**The task:**
The copy you return must begin at the line containing "Roto-Rooter Plumbing &" and end at the final line of the listing below, with every picture left out.
####################
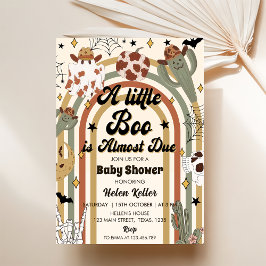Invitación Un pequeño Boo Groovy Cactus Halloween Baby Shower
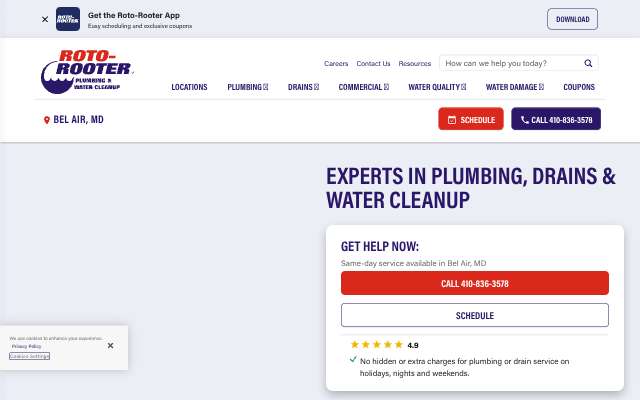 Roto-Rooter Plumbing & Water Cleanup of Bel Air's page as the assistant saw it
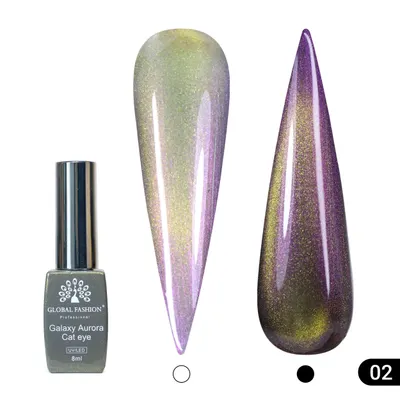 Ojă semipermanentă Galaxy Aurora Cat Eye Global Fashion, 8ml, 002(FARA TPO) Engros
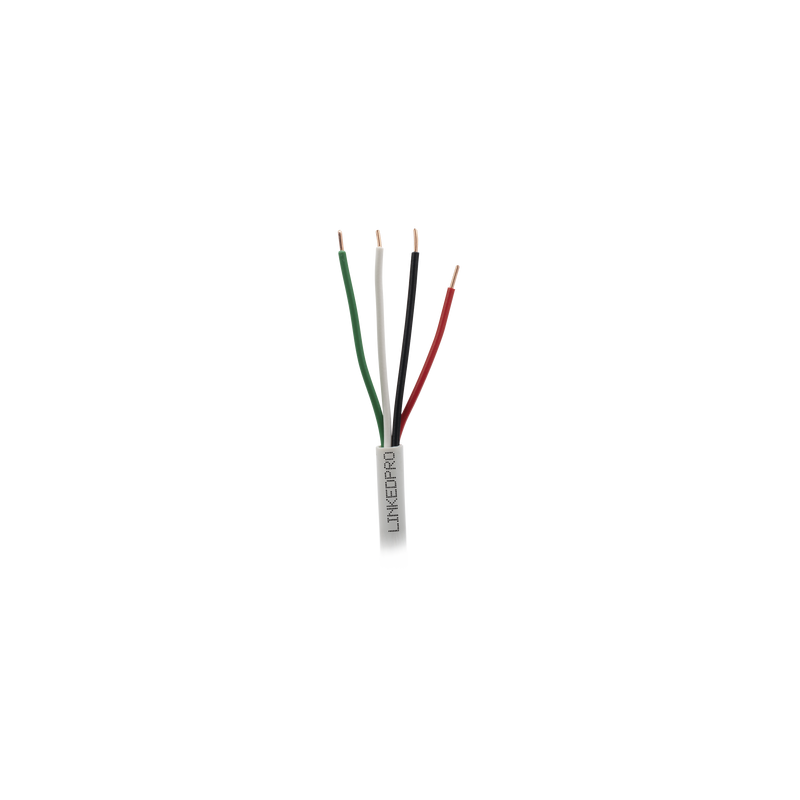 Bobina de Cable 305 Metros (1000 Pies): 4 x 22 AWG, Color Blanco, CM, Para Sistemas de Seguridad y Alarmas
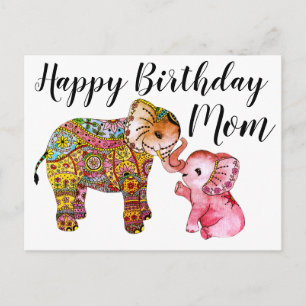 Niedlich Boho Elephant Happy Birthday Mother Postkarte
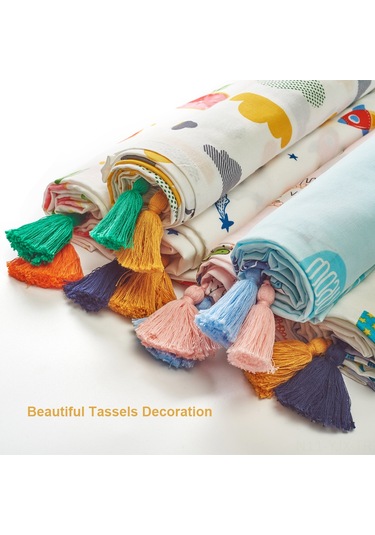 Geekyou Bebek Battaniyesi, Yeni Doğan Sarıtmaması, İki Katlı Bambus Lifli Pamuk Muslin, Uzay Gemisi Desenli, 156x110cm DiğER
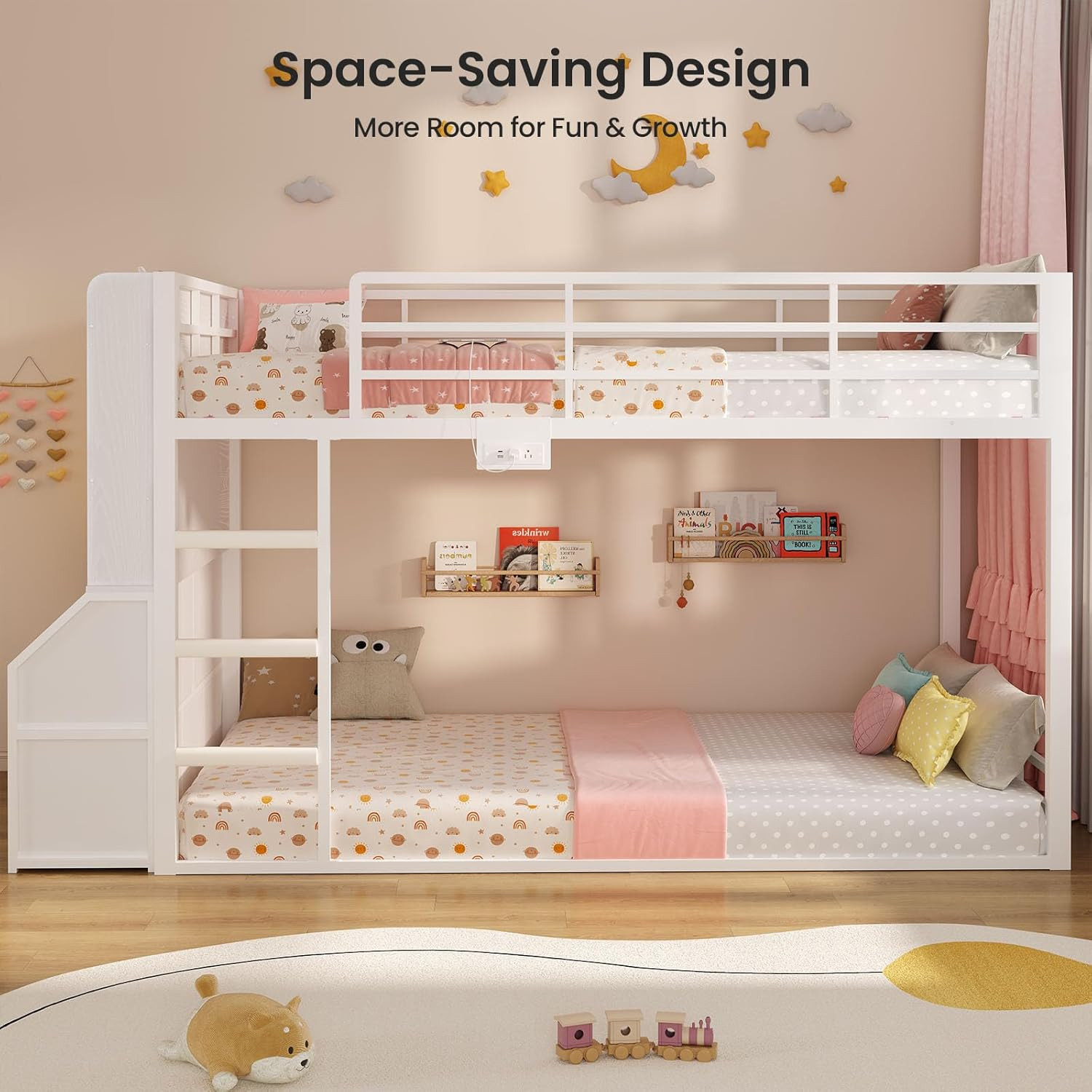 ADORNEVE Low Bunk Bed Twin Size with Bookshelf, Toy Organizer & Storage Drawers,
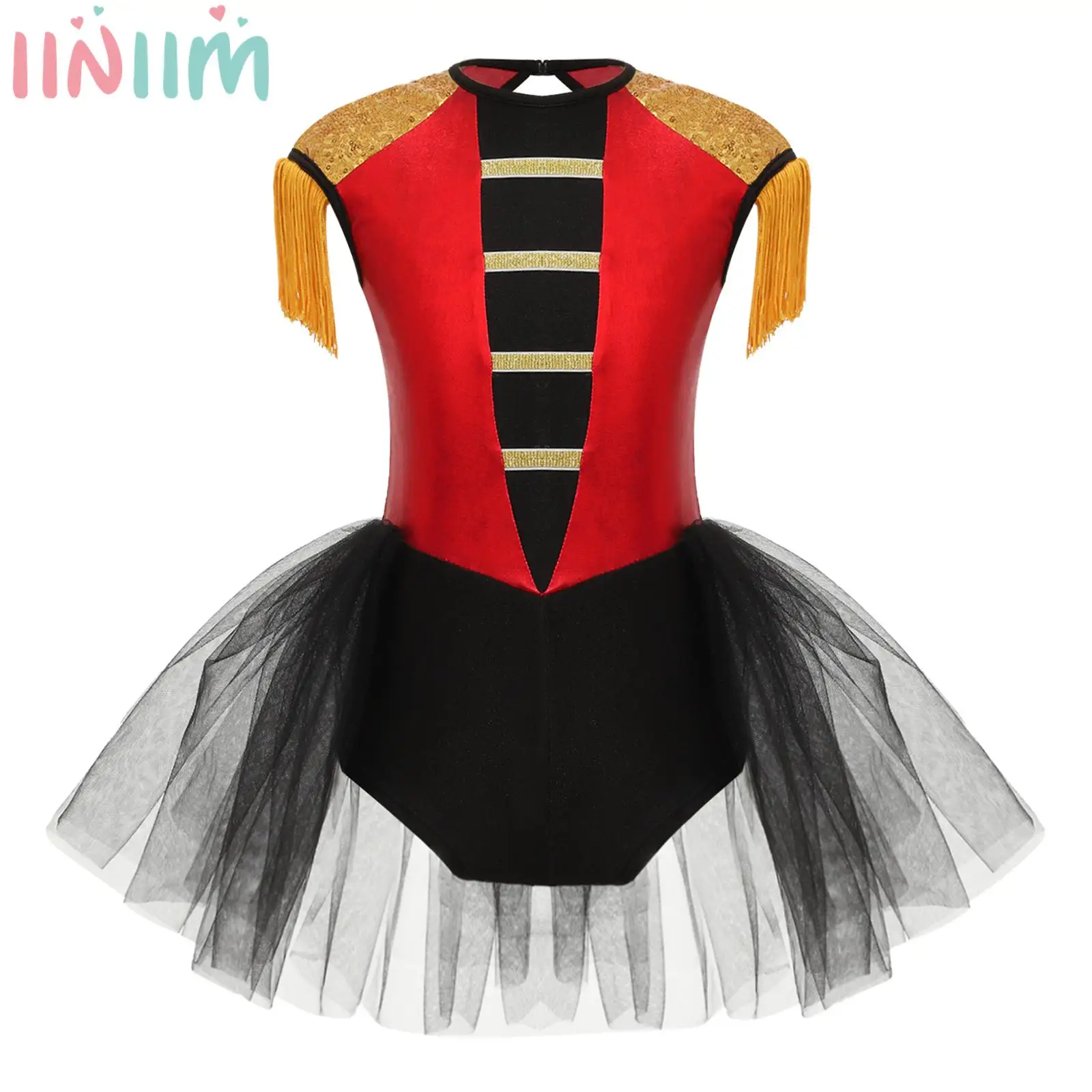 Kids Girls Circus Ringmaster Costume Ringleader Showman Dance Stage Performance Tutu Dress Body Halloween Cosplay Uniform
####################
**Answer for the task:**
 Roto-Rooter Plumbing & Water Cleanup of Bel Air's page as the assistant saw it
 Ojă semipermanentă Galaxy Aurora Cat Eye Global Fashion, 8ml, 002(FARA TPO) Engros
 Bobina de Cable 305 Metros (1000 Pies): 4 x 22 AWG, Color Blanco, CM, Para Sistemas de Seguridad y Alarmas
 Niedlich Boho Elephant Happy Birthday Mother Postkarte
 Geekyou Bebek Battaniyesi, Yeni Doğan Sarıtmaması, İki Katlı Bambus Lifli Pamuk Muslin, Uzay Gemisi Desenli, 156x110cm DiğER
 ADORNEVE Low Bunk Bed Twin Size with Bookshelf, Toy Organizer & Storage Drawers,
 Kids Girls Circus Ringmaster Costume Ringleader Showman Dance Stage Performance Tutu Dress Body Halloween Cosplay Uniform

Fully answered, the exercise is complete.